While Klein Zelman Rothermel is a management-side labor law firm and “usually does not need an agency response” to proceed with legal filings for its clients, Heagle sounded anything but happy about the government shutdown. “I have several OSHA cases active right now, and there is no one to contact,” she said. The agency cannot do inspections or hold informal conferences, she added.

“It's very disconcerting because you have situations out there where there are safety violations and they will not be addressed until after the shutdown is over,” Heagle said.


“For HR professionals across the country, it is important to be open with employees at this time and seize the opportunity to discuss the state of the economy and help ensure events like this do not greatly impact employee morale,” said Jim Link of Randstad US.  

Heagle said that employers dealing with any federal agencies should proceed as they normally would as much as is possible. For pending cases, she said, “I think I would attempt to adhere to every deadline despite the shutdown.” If that's not possible because an agency is shut down, Heagle said, “we would recommend filing a letter explaining why you can't adhere to that deadline.”
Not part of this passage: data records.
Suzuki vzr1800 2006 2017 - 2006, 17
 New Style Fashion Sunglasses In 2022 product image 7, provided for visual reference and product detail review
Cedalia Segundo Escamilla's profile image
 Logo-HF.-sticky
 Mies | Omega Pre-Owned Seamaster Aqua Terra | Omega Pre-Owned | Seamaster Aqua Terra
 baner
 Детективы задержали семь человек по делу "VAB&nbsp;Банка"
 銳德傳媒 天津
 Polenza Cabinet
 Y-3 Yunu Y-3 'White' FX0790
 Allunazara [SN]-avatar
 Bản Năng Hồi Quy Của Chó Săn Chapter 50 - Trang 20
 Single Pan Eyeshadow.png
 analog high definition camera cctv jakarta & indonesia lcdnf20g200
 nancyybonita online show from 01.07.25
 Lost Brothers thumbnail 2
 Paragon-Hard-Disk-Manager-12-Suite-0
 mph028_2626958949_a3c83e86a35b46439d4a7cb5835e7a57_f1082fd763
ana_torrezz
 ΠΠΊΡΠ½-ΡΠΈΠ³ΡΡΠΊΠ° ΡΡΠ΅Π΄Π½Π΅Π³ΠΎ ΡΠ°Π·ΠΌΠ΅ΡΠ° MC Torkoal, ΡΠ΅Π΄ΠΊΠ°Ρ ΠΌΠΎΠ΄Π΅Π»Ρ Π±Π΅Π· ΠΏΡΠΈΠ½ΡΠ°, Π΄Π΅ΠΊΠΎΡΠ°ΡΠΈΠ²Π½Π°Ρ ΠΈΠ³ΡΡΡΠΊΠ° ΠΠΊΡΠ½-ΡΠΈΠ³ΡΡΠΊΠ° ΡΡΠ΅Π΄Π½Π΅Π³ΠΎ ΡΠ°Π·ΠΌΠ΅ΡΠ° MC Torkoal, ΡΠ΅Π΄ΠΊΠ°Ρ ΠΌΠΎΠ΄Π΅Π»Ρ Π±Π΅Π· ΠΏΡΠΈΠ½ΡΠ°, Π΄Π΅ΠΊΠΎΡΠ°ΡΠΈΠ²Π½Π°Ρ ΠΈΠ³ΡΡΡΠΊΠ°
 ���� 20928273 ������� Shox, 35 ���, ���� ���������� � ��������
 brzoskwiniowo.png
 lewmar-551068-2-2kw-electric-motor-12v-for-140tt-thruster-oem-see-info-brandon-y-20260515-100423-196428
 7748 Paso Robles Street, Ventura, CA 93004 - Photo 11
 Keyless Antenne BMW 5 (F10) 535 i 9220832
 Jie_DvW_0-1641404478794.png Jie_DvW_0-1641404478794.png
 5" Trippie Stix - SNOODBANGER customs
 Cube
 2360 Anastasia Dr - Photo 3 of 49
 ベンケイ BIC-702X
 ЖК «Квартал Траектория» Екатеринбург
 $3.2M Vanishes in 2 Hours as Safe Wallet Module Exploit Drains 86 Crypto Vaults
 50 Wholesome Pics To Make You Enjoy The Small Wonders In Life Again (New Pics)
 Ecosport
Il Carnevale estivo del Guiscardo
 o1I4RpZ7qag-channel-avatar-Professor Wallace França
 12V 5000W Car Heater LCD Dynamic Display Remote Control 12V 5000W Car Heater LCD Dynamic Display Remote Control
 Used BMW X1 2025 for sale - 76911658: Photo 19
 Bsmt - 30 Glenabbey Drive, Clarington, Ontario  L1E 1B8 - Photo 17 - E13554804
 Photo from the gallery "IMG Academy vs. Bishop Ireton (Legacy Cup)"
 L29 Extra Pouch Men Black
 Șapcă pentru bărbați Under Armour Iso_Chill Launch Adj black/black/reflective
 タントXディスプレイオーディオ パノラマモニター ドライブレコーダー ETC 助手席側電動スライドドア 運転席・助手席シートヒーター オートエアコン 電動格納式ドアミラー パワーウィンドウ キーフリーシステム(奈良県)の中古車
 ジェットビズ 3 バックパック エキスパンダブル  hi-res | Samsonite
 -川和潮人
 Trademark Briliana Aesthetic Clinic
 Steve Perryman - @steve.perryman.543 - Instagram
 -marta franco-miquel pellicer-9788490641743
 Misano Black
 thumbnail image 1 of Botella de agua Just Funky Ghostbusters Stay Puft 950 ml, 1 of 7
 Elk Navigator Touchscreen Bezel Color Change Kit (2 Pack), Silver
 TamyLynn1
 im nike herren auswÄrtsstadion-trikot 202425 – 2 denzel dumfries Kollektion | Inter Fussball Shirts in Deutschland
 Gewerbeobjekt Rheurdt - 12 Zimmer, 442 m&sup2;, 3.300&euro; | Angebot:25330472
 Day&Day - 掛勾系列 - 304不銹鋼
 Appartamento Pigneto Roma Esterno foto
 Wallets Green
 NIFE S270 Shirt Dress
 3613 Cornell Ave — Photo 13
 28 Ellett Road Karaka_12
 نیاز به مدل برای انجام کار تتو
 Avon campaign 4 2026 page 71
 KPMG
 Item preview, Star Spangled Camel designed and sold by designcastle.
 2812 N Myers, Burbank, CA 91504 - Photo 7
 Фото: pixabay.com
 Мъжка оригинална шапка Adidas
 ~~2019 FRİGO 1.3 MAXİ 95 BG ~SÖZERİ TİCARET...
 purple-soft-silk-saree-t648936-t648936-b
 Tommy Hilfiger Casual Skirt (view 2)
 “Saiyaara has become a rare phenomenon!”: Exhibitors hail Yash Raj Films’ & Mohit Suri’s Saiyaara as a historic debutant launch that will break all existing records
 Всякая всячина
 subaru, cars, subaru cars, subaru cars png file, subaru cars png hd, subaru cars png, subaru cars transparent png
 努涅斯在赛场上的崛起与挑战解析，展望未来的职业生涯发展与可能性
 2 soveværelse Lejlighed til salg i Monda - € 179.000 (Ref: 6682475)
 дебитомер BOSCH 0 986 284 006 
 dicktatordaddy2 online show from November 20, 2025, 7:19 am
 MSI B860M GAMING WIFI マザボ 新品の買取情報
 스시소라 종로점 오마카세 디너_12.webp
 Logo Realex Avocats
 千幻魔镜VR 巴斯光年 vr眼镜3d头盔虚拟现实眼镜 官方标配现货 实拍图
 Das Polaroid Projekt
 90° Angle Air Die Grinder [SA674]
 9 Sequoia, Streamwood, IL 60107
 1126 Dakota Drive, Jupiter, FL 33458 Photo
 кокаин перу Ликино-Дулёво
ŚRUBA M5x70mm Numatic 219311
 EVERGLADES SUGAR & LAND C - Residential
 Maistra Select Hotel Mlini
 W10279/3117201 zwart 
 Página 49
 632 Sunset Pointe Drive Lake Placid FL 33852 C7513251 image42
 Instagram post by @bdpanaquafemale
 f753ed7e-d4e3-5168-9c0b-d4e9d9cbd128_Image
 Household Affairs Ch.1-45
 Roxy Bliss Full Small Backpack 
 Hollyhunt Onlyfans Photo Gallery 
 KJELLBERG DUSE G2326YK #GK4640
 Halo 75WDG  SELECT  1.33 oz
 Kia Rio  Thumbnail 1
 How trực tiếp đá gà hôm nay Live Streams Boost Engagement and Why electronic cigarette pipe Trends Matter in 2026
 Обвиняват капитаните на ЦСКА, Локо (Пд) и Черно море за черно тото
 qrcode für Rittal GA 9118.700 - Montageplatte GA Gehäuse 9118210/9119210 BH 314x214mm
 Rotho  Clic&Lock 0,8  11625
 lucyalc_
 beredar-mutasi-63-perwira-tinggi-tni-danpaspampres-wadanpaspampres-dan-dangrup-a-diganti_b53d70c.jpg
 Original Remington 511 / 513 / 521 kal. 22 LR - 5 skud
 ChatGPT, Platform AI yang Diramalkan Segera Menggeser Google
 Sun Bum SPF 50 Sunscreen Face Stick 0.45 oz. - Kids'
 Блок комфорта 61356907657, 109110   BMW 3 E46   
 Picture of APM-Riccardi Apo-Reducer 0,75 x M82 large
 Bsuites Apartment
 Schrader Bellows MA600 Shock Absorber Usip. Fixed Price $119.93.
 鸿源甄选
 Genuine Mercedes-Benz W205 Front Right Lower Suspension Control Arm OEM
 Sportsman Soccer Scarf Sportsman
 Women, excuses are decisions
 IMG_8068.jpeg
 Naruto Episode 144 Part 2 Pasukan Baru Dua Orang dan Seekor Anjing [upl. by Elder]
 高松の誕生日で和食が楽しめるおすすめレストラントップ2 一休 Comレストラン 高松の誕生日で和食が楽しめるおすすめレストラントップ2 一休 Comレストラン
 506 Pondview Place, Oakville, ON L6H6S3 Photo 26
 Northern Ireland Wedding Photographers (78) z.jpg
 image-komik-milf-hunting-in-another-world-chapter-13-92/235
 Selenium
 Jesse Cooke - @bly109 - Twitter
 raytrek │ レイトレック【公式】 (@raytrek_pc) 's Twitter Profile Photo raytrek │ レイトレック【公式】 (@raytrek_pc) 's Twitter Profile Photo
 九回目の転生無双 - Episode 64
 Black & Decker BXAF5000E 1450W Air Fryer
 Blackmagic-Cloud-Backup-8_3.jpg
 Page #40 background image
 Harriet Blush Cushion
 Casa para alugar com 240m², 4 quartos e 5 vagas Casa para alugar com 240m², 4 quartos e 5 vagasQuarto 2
Long-Term Economic Effects?

Long-term economic effects of the shutdown are likely to be negligible outside the Washington area, according to a study released Oct. 1 by Michael J. Hicks, director of the Center for Business and Economic Research at the Miller College of Business at Ball State University in Muncie, Ind.

According to Hicks's analysis of the 17 government shutdowns that occurred between October 1976 and January 1996, “the economic effects of a shutdown are not immediate, but may occur within weeks of the event.” The analysis found that “any economic impact is concentrated in places where employment is dominated by federal workers.” For the capital's greater metropolitan area, the employment loss is “roughly 3,100 jobs during a typical shutdown,” Hicks calculated.

But with President Obama now explicitly tying the shutdown to the Oct. 17 deadline the Treasury Department has set for Congress to increase the government's debt limit or risk a U.S. default, concerns are growing that the broader economy might not escape the effects of Washington's political deadlock.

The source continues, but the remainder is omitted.